PROMs | PREMs | Total | |
Patient-reported | 15 | 7 | 22 |
Staff-reported | 4 | 13 | 17 |
Total | 19 | 20 | 39 |
PREMs, patient-reported experience measures; PROMs, patient-reported outcome measures.
bmjoq-2019-000789supp001.pdf (347.4KB, pdf)
Discussion
The need for generic measures with a broad scope is increasingly recognised, in particular for older people with long-term conditions.36 This taxonomy is, as far as we know, the most comprehensive, coherent framework or taxonomy of short generic measures that has been published. It is unusual in covering both patient-reported and staff-reported measures as well as PROMs and PREMs. It also covers external factors that affect health and well-being, and those that affect the spread of health innovations.

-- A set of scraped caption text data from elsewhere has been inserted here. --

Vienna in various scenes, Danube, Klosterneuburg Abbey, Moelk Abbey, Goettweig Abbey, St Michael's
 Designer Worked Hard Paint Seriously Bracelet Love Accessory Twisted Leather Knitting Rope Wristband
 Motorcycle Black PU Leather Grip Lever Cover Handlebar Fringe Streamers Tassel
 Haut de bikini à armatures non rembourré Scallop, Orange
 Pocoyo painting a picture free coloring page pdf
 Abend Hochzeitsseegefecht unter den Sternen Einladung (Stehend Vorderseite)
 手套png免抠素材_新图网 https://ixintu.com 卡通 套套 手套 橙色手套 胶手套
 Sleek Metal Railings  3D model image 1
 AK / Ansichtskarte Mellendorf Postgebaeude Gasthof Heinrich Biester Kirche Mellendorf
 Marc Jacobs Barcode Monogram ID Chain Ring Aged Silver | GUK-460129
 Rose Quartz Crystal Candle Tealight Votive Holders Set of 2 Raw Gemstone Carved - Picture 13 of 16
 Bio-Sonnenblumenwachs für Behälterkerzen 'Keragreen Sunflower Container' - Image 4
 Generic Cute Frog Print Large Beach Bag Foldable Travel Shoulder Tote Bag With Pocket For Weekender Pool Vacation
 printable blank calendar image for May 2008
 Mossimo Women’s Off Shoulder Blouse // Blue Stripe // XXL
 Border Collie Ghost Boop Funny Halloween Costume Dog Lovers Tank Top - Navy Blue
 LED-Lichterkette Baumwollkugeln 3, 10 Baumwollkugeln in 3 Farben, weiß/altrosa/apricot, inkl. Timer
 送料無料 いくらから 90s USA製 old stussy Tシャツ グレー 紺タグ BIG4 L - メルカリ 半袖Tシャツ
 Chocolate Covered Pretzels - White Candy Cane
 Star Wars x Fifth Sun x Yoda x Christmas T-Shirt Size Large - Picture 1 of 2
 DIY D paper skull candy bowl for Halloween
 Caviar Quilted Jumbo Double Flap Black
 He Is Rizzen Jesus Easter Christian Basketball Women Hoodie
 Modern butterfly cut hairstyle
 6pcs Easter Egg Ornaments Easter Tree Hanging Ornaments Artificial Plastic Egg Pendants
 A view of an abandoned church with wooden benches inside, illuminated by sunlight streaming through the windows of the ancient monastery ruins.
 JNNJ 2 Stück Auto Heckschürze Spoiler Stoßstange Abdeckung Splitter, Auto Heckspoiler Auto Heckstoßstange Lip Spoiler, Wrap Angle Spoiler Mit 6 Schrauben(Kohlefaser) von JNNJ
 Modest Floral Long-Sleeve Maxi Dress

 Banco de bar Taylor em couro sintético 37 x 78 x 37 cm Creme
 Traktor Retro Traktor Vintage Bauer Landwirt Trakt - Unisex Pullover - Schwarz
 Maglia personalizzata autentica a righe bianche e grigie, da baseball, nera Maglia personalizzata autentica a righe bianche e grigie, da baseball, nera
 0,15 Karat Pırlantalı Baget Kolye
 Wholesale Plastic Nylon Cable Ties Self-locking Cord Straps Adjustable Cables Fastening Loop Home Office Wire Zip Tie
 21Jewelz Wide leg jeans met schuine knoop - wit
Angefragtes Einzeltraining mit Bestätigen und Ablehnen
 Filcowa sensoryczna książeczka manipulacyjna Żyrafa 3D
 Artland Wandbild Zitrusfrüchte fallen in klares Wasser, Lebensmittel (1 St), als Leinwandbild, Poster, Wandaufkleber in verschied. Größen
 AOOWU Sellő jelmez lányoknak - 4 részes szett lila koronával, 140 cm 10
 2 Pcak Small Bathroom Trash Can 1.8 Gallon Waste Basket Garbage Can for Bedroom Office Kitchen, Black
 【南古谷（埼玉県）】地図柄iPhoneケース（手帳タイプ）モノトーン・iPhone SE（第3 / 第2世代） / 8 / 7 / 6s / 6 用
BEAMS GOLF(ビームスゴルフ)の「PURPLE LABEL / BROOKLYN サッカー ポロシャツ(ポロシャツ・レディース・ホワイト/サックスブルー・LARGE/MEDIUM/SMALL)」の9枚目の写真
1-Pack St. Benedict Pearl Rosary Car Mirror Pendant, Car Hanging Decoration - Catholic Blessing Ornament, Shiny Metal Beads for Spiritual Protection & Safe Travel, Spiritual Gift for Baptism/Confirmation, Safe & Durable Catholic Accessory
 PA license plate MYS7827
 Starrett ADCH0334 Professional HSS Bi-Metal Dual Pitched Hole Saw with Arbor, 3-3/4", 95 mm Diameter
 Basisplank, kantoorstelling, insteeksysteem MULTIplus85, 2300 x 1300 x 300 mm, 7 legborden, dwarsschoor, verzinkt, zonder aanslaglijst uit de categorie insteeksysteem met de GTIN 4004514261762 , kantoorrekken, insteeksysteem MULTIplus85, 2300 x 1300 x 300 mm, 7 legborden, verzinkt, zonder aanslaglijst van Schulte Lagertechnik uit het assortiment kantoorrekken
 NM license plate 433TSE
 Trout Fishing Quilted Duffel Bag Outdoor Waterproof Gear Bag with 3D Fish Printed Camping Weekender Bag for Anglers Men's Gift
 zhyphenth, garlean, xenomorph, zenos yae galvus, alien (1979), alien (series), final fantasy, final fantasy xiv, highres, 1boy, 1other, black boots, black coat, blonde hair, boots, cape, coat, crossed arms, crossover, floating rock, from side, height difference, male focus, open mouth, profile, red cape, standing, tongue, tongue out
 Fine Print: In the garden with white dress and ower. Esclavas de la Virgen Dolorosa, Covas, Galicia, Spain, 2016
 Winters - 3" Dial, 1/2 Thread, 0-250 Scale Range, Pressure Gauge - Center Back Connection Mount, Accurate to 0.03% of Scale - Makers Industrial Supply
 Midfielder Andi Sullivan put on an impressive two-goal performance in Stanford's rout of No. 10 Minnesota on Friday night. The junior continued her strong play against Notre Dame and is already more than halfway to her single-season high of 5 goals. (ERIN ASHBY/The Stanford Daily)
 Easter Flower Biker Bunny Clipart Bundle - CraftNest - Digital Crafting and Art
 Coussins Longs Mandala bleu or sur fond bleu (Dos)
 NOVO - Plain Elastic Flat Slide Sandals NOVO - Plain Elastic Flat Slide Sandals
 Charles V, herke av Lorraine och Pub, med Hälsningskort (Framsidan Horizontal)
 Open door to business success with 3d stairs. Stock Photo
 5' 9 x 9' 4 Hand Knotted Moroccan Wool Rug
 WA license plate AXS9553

A possible limitation of our approach is that it is based primarily on the work of a single author. The measures were not developed as part of a grant-funded research programme in an academic setting, nor for use in clinical trials. Some people may consider this to be a strength on the basis that theories should emerge from bottom-up, empirical experimentation. However, each measure has been strongly influenced by existing theories and paradigms.
Four response options may also be regarded as a limitation, but this is not our experience. The best option (the ceiling) can be thought of as being as good as it gets. If used appropriately this does not produce a ceiling effect, whereby the measure is unable to detect valuable improvements. A floor effect (the worst option) is more problematic, because things can always get worse. In general, if a respondent is at the floor, this calls for remedial action. Intermediate options can be regarded as being less good than the ceiling and less bad than the floor, respectively.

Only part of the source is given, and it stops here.